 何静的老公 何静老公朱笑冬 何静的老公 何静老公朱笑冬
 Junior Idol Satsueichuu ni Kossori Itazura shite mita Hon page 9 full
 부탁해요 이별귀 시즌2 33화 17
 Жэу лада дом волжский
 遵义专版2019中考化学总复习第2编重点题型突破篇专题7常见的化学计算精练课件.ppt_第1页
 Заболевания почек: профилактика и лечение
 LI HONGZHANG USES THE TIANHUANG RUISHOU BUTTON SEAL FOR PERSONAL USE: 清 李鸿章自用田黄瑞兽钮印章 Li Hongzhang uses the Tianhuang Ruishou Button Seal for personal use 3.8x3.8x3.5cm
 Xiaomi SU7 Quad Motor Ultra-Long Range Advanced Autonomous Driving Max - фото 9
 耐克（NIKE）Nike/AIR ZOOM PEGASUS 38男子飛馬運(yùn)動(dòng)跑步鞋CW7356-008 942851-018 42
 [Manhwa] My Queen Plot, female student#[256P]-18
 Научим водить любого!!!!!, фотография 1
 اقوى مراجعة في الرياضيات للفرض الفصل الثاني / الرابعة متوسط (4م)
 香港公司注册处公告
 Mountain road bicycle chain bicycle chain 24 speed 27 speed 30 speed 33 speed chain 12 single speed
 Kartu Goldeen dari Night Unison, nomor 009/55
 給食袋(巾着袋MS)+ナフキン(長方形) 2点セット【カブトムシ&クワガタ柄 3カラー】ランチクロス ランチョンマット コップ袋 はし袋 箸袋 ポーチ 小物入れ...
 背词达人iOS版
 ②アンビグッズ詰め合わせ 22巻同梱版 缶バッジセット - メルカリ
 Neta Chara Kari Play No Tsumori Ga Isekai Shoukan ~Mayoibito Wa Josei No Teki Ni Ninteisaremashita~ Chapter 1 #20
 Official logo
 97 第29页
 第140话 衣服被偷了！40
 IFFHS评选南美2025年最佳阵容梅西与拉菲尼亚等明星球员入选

· · · · · · ·

> **How to complete this task**
Repeat the material word for word, in full.

> **Solved exercise**
 何静的老公 何静老公朱笑冬 何静的老公 何静老公朱笑冬
 Junior Idol Satsueichuu ni Kossori Itazura shite mita Hon page 9 full
 부탁해요 이별귀 시즌2 33화 17
 Жэу лада дом волжский
 遵义专版2019中考化学总复习第2编重点题型突破篇专题7常见的化学计算精练课件.ppt_第1页
 Заболевания почек: профилактика и лечение
 LI HONGZHANG USES THE TIANHUANG RUISHOU BUTTON SEAL FOR PERSONAL USE: 清 李鸿章自用田黄瑞兽钮印章 Li Hongzhang uses the Tianhuang Ruishou Button Seal for personal use 3.8x3.8x3.5cm
 Xiaomi SU7 Quad Motor Ultra-Long Range Advanced Autonomous Driving Max - фото 9
 耐克（NIKE）Nike/AIR ZOOM PEGASUS 38男子飛馬運(yùn)動(dòng)跑步鞋CW7356-008 942851-018 42
 [Manhwa] My Queen Plot, female student#[256P]-18
 Научим водить любого!!!!!, фотография 1
 اقوى مراجعة في الرياضيات للفرض الفصل الثاني / الرابعة متوسط (4م)
 香港公司注册处公告
 Mountain road bicycle chain bicycle chain 24 speed 27 speed 30 speed 33 speed chain 12 single speed
 Kartu Goldeen dari Night Unison, nomor 009/55
 給食袋(巾着袋MS)+ナフキン(長方形) 2点セット【カブトムシ&クワガタ柄 3カラー】ランチクロス ランチョンマット コップ袋 はし袋 箸袋 ポーチ 小物入れ...
 背词达人iOS版
 ②アンビグッズ詰め合わせ 22巻同梱版 缶バッジセット - メルカリ
 Neta Chara Kari Play No Tsumori Ga Isekai Shoukan ~Mayoibito Wa Josei No Teki Ni Ninteisaremashita~ Chapter 1 #20
 Official logo
 97 第29页
 第140话 衣服被偷了！40
 IFFHS评选南美2025年最佳阵容梅西与拉菲尼亚等明星球员入选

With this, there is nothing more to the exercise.